■ Supplied data ■

○ ○ ○ ○

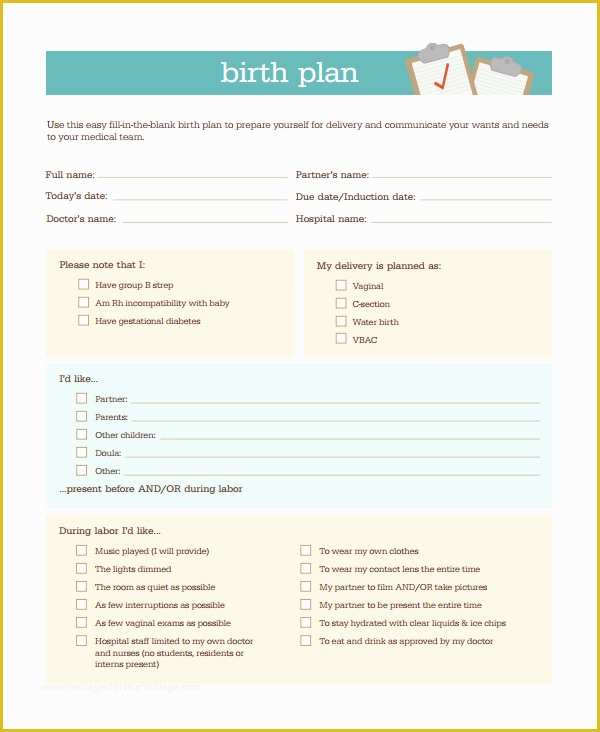 Birth Plan Template Free Of Birth Plan Template 20 Download Free ...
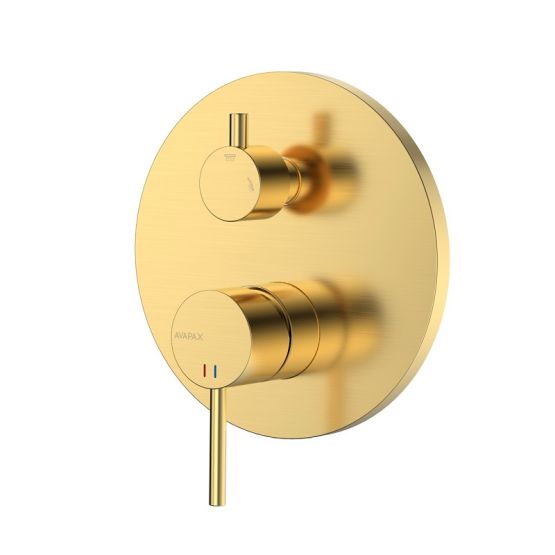 Bateria Prysznicowo Wannowa Podtynkowa Dwufunkcyjna Ultimate Złoty Szczotkowany ABUL5212C1 Avapax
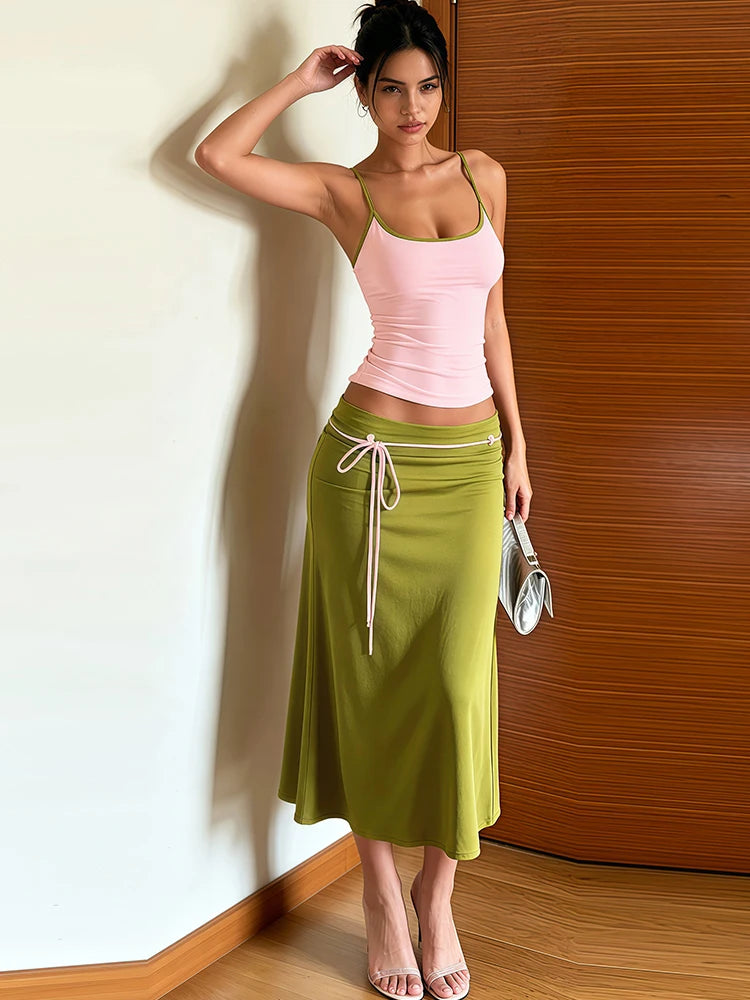 Color Blocking Backless Camisoles and Ribbon Long Skirts Two Piece Set for Women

○ ○ ○ ○

Strip out the pictures and quote the remaining data word for word.

■ Solution ■
 Birth Plan Template Free Of Birth Plan Template 20 Download Free ...
 Bateria Prysznicowo Wannowa Podtynkowa Dwufunkcyjna Ultimate Złoty Szczotkowany ABUL5212C1 Avapax
 Color Blocking Backless Camisoles and Ribbon Long Skirts Two Piece Set for Women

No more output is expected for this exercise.